The 46-year-old Kenseth paused before delivering his answer, probably not sure whether to be funny or serious.
“Why not?” Kenseth said Wednesday afternoon at the NASCAR Hall of Fame. “I don’t know the exact numbers, but when I went to the 20 car [at JGR] they won one race in four years before I got there.
“If the teams are winning races on a regular basis, they probably are not going to want a driver or need a driver. They’re definitely on the upswing. Roush Fenway Racing is one of the most winning organizations in this sport’s history. I think it can certainly return to that.”
For the record, Joey Logano had won one race in the previous three years (two races in the previous four) in the No. 20 car before being replaced by Kenseth, who won seven in his first year and 15 overall at JGR.
But let’s focus for a moment on the first part of the answer: Why not? Kenseth has had a Hall of Fame career with 39 victories, including 24 Cup victories and the 2003 NASCAR Cup Series title at Roush Fenway.
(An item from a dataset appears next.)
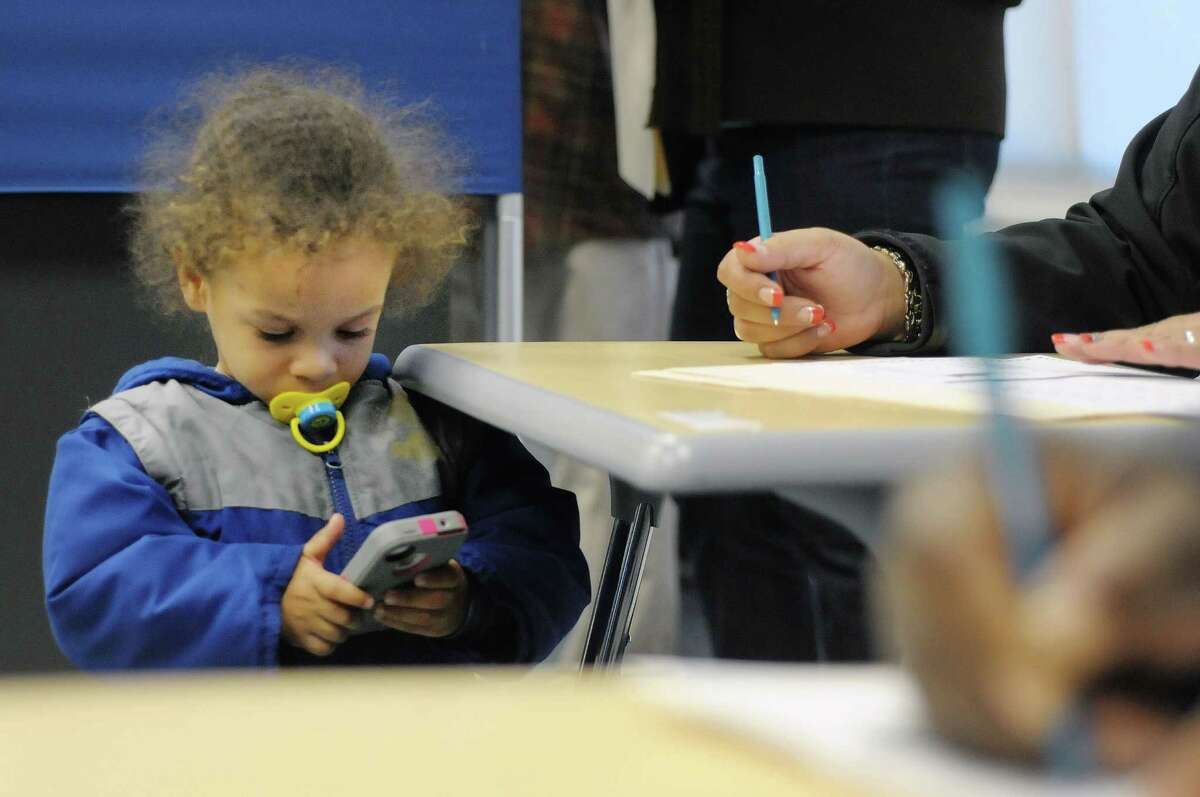 Joell-Damien Johnson, 2, plays a game on his mom's, Melissa Johnson, phone while she filled out her ballot at the polling station inside Green Tech High Charter School on Tuesday, Nov. 6, 2012 in Albany, NY. (Paul Buckowski / Times Union)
He said he doesn’t feel like he has anything else to prove. It’s hard to imagine he needs the money.
So he has just decided to run a part-time schedule that many would view as joining a rebuilding project in progress, an organization with a car whose current driver (Trevor Bayne) is 26th in the standings and whose other driver (Ricky Stenhouse Jr.) is 19th.
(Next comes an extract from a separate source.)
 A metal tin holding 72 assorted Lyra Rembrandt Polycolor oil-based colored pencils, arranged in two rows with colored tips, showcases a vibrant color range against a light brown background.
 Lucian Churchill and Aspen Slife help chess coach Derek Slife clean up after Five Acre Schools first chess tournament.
“I’m a competitive person,” Kenseth said. “I like to compete. I don’t really know much else other than stock-car racing. I think there are some opportunities this year and in the future to be more than just a driver, and that interested me. When I first went to Joe Gibbs Racing, I felt like I was a lot more than a driver, the first year or two, especially. That kind of changed to just being a driver.”
Kenseth doesn’t view himself as a miracle worker. He does view himself potentially having a managerial role at Roush Fenway, and this is a good way to return to the organization where he spent the first 13 seasons of his Cup career.
“I haven’t really been over there much, so I don’t really know exactly where they’re at with everything, but I certainly think they’re on the right path,” Kenseth said. “The Fords have been running good this year, so we know the Roush Yates Engines are running good and the body style is not an issue.
“So I feel like the pieces are there. I’m looking forward to the challenge of trying to get it back to that point.”
Sometimes things just seem right to do, Kenseth said.
“You can just usually tell if it feels right or doesn’t,” Kenseth said. “You look at what’s in front of you and make a decision from there. … It’s been a little bit of a moving target.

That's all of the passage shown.